The Secretary General was met on arrival by Vice President and Minister of Foreign Affairs, Carl Greenidge.
They took the opportunity to discuss issues arising out of the Bolivia meeting and related matters on climate change.
They also discussed the upcoming Summit to be held in Paris in December.
The UN Resident Coordinator Ms. Khadija Musa was also present to greet the Secretary General. The Foreign Minister took the opportunity to express the appreciation of the Government for the valuable contribution of the UN Agencies based in Guyana to the national development agenda.
The follow up process outlined by the Secretary General at his meeting with the Presidents of Guyana and Venezuela in the margins of the United Nations General Assembly on September 28, was reiterated.
Meanwhile, a six member team led by the Chef de Cabinet of the Office of the Secretary General of the United Nations, Ms. Susana Malcorra will be in Guyana today to continue discussions relating to the controversy resulting from Venezuela’s contention that the 1899 Arbitral Award is null and void.

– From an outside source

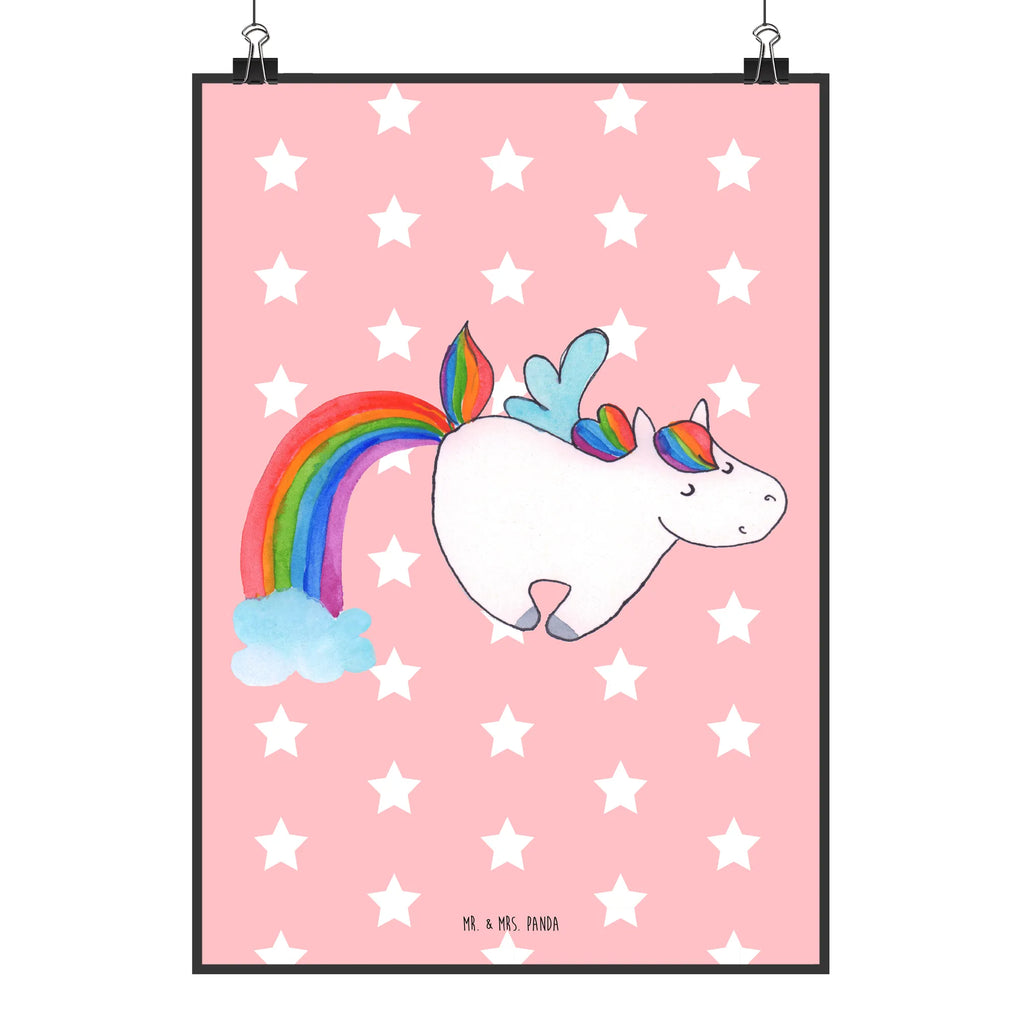 Plakat jednorożec Latający koń Bild, Wandposter, Wandschmuck, drucke, Wanddekoration, Mr. & Mrs. Panda Poster, Wandbild, grafikposter, kunstposter, wanddruck, Poster, Wanddeko Bild, wanddeko, Kunstdruck, Posterdruck, wandkunst, Designposter, kunst für die wand, kunstdruck poster, Plakat, Bild für Wand, Deko Bild, Einhorn Deko, Einhörner, Einhorn, Unicorn, Glitzer, Realität, Regenbogen, Erwachsenwerden, Spielen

According to Foreign Affairs Minister, Carl Greenidge, this is a follow up to the visit paid by a UN Technical Mission in July, and is in accordance with the programme of activities laid out by the UN Secretary General following his meeting with the Presidents of Guyana and Venezuela in the margins of the United Nations General Assembly on September 28, last.

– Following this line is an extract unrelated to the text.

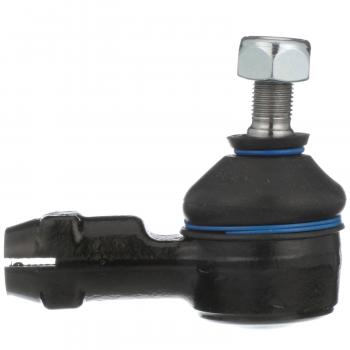 Delphi TA5970 Steering Tie Rod End product image 2 of 2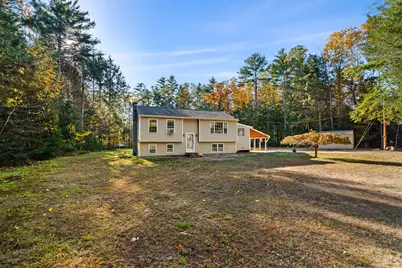 24 Pine Meadow Drive, North Berwick, ME 03906 - Photo 2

The controversy between the two South American countries stems from an 1899 arbitration ruling that required Venezuela to relinquish an undeveloped but resource-rich jungle territory called the Essequibo that now constitutes about two-thirds of Guyanese territory.

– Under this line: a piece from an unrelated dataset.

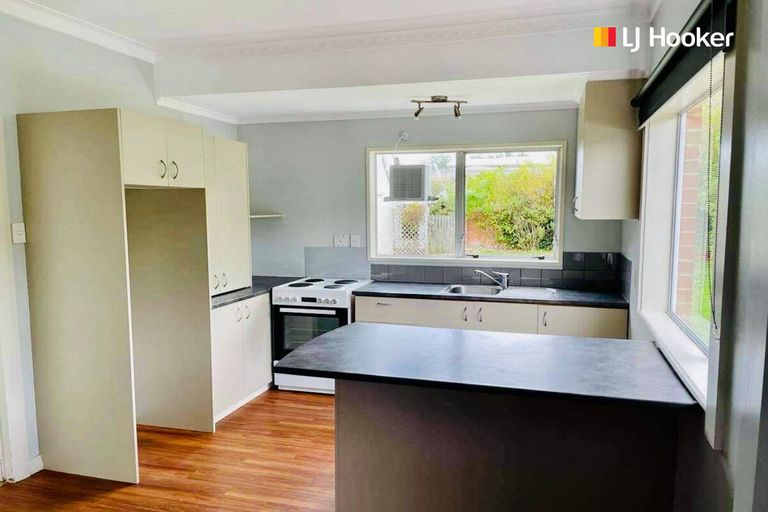 Photo of property in 4 North Taieri Road, Abbotsford, Dunedin, 9018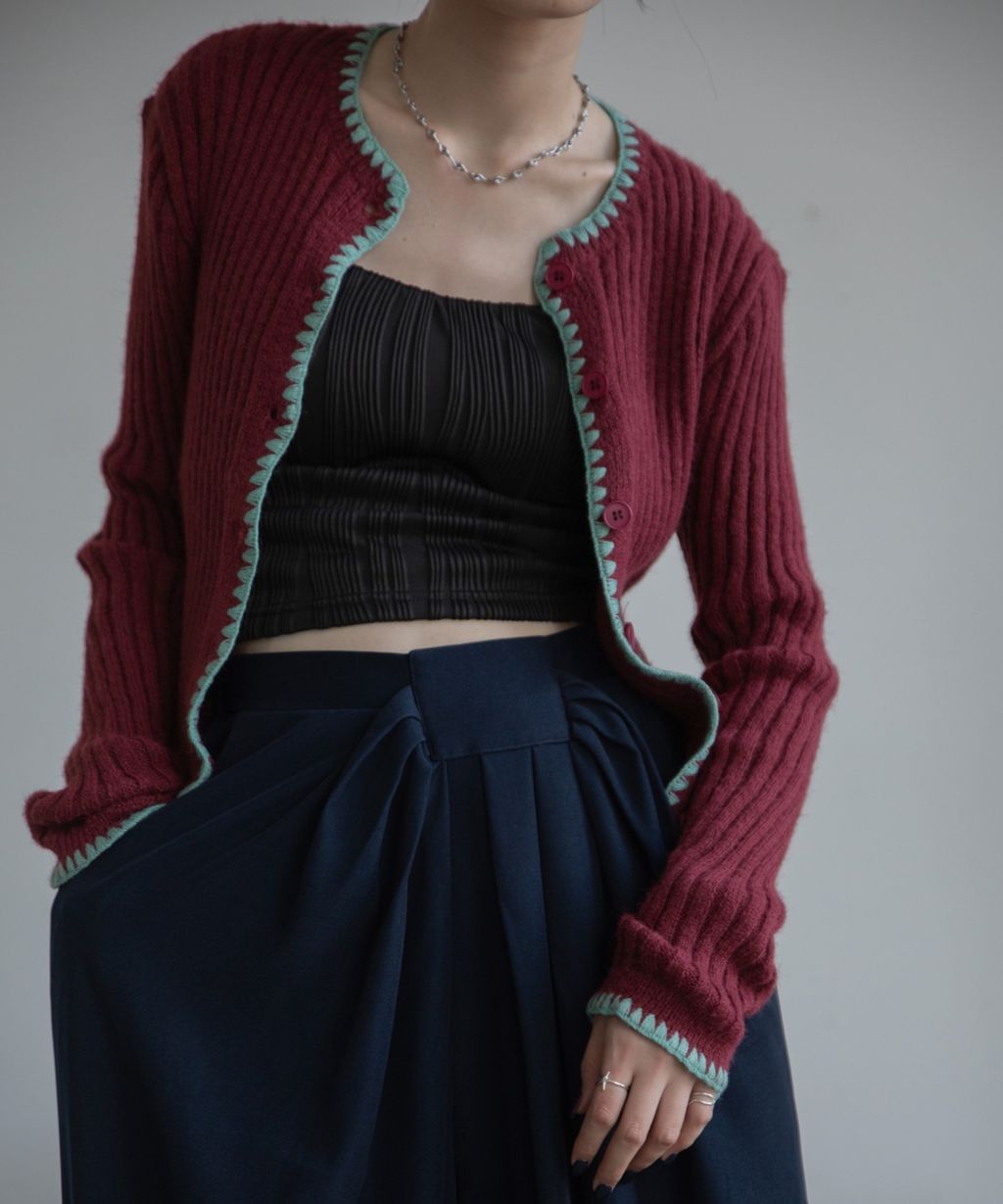 image_E04351E4-AB2D-4DB1-9562-0F5563F941B3_1767535629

Venezuela now contends that the ruling was invalid, and that many official maps still describe the Essequibo as Venezuelan territory.
Over the past four months, Venezuela’s President Nicolas Maduro has issued decrees claiming rights over Guyana’s exclusive economic zone. This is in addition to reviving its claims on the majority of Essequibo, Guyana’s biggest county. The decrees give Venezuela’s gunboats permission to unilaterally patrol in Guyana’s waters, angering the new administration and sparking a flurry of complaints to the international bodies.
The decrees came in wake of the announcement of a significant oil find by American Company Exxon Mobil Corp., just 100 miles off of the Stabroek Block.
In his address to the Parliament earlier this year, President Granger said that “Guyana has always embraced the principle of the peaceful settlement of disputes. But in as much as we are a peace-loving nation, we will not allow our territorial integrity to be threatened or violated.”
Both countries have since agreed for the UN to help in resolving the border controversy.